▶ TASK INSTRUCTIONS: Every record below must come back exactly as written, with the images dropped.

==========

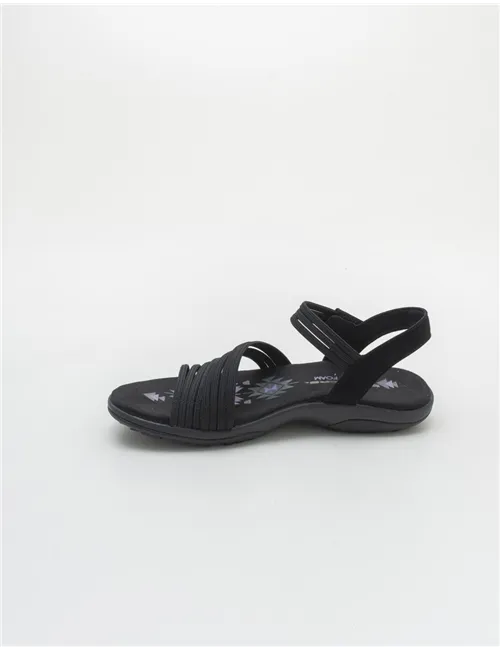 SKECHERS REGGAE SLIM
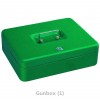 Gunbox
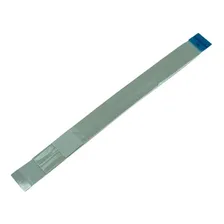 Flex Cable Asus 20 Vias 0.5 Pitch 124mm Reverso E353982 Foto mini 1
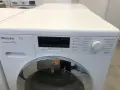 Сушилня Miele TKG 840 WP, снимка 3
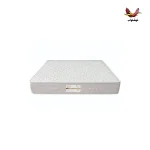 سوپر کلاس هارد - Image 2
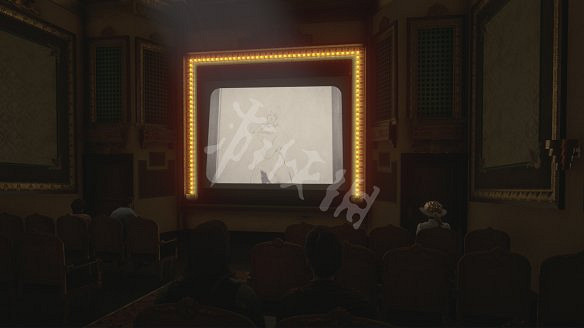 《荒野大鏢客2》圖文攻略:主線流程+支線任務+槍械系統+服裝系統+戰鬥系統+狩獵系統+馬匹系統+地圖資源+榮譽系統+介面介紹+上手操作 《荒野大鏢客2》圖文攻略:主線流程+支線任務+槍械系統+服裝系統+戰鬥系統+狩獵系統+馬匹系統+地圖資源+榮譽系統+介面介紹+上手操作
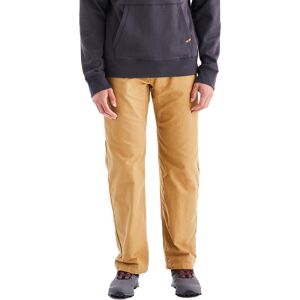 Moon Climbing Men's Cypher Pant Khaki, XS Moon Climbing Men's Cypher Pant Khaki, XS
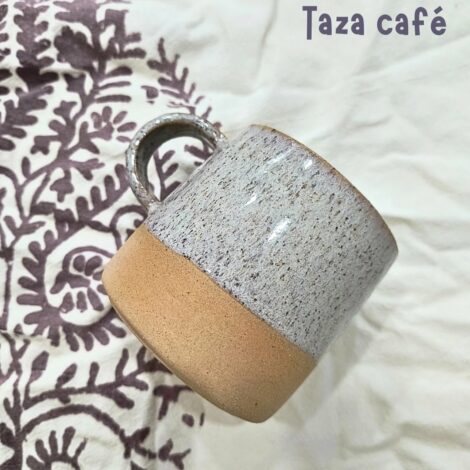 Taza Pitaya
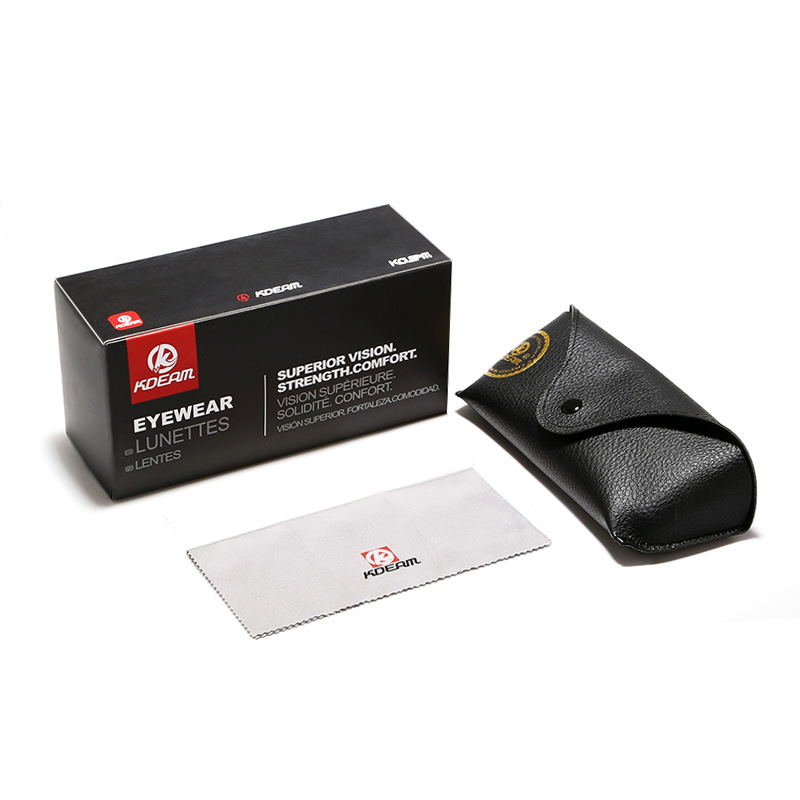 https://cf.cjdropshipping.com/quick/product/a2ca985b-08a9-4447-a5a7-213e4094e9a6.jpg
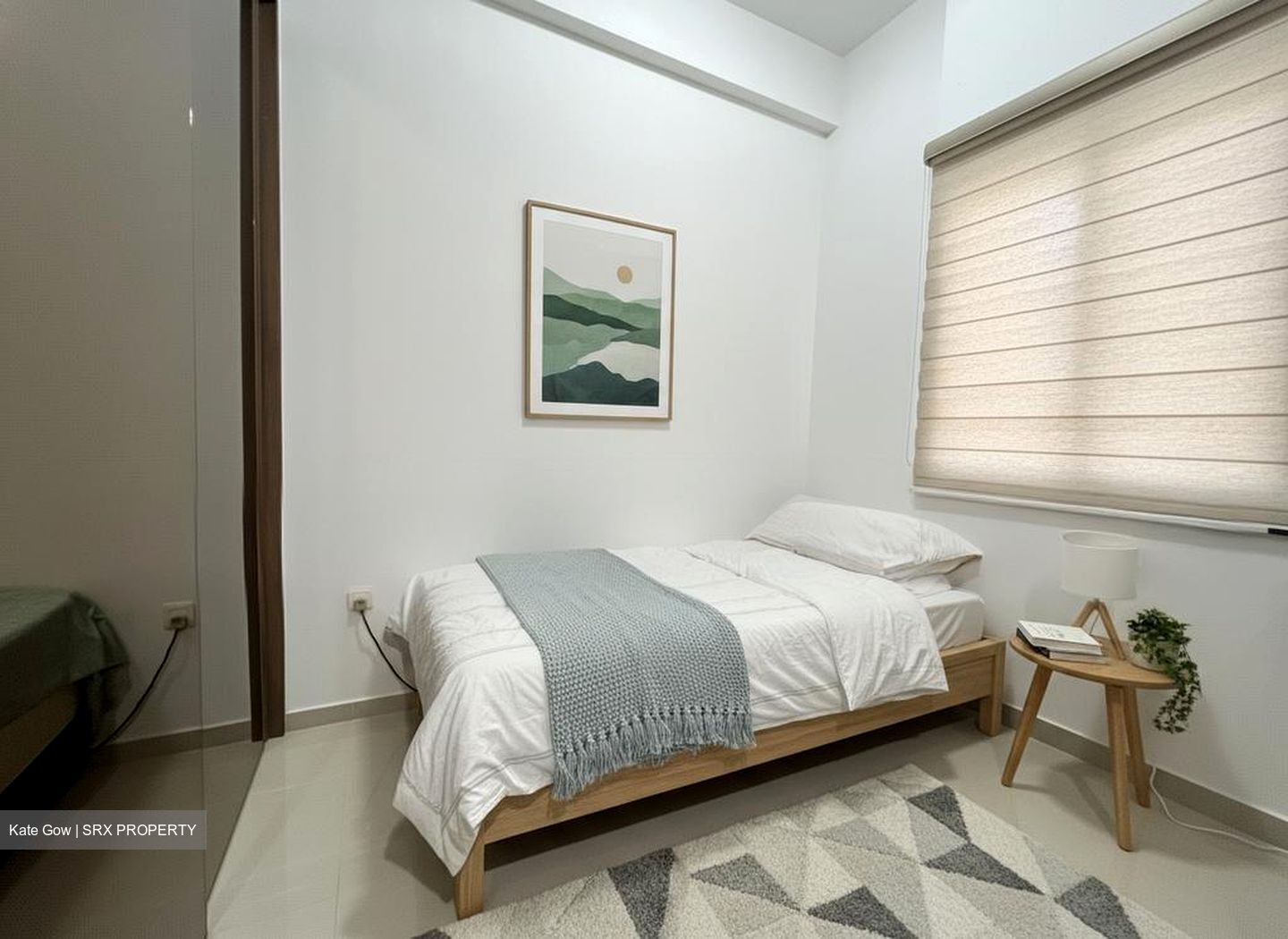 Floraville (D28), Apartment #532556631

==========

▶ OUTPUT OF THE TASK:
 SKECHERS REGGAE SLIM
 Gunbox
 Flex Cable Asus 20 Vias 0.5 Pitch 124mm Reverso E353982 Foto mini 1
 Сушилня Miele TKG 840 WP, снимка 3
 سوپر کلاس هارد - Image 2
 《荒野大鏢客2》圖文攻略:主線流程+支線任務+槍械系統+服裝系統+戰鬥系統+狩獵系統+馬匹系統+地圖資源+榮譽系統+介面介紹+上手操作 《荒野大鏢客2》圖文攻略:主線流程+支線任務+槍械系統+服裝系統+戰鬥系統+狩獵系統+馬匹系統+地圖資源+榮譽系統+介面介紹+上手操作
 Moon Climbing Men's Cypher Pant Khaki, XS Moon Climbing Men's Cypher Pant Khaki, XS
 Taza Pitaya
 https://cf.cjdropshipping.com/quick/product/a2ca985b-08a9-4447-a5a7-213e4094e9a6.jpg
 Floraville (D28), Apartment #532556631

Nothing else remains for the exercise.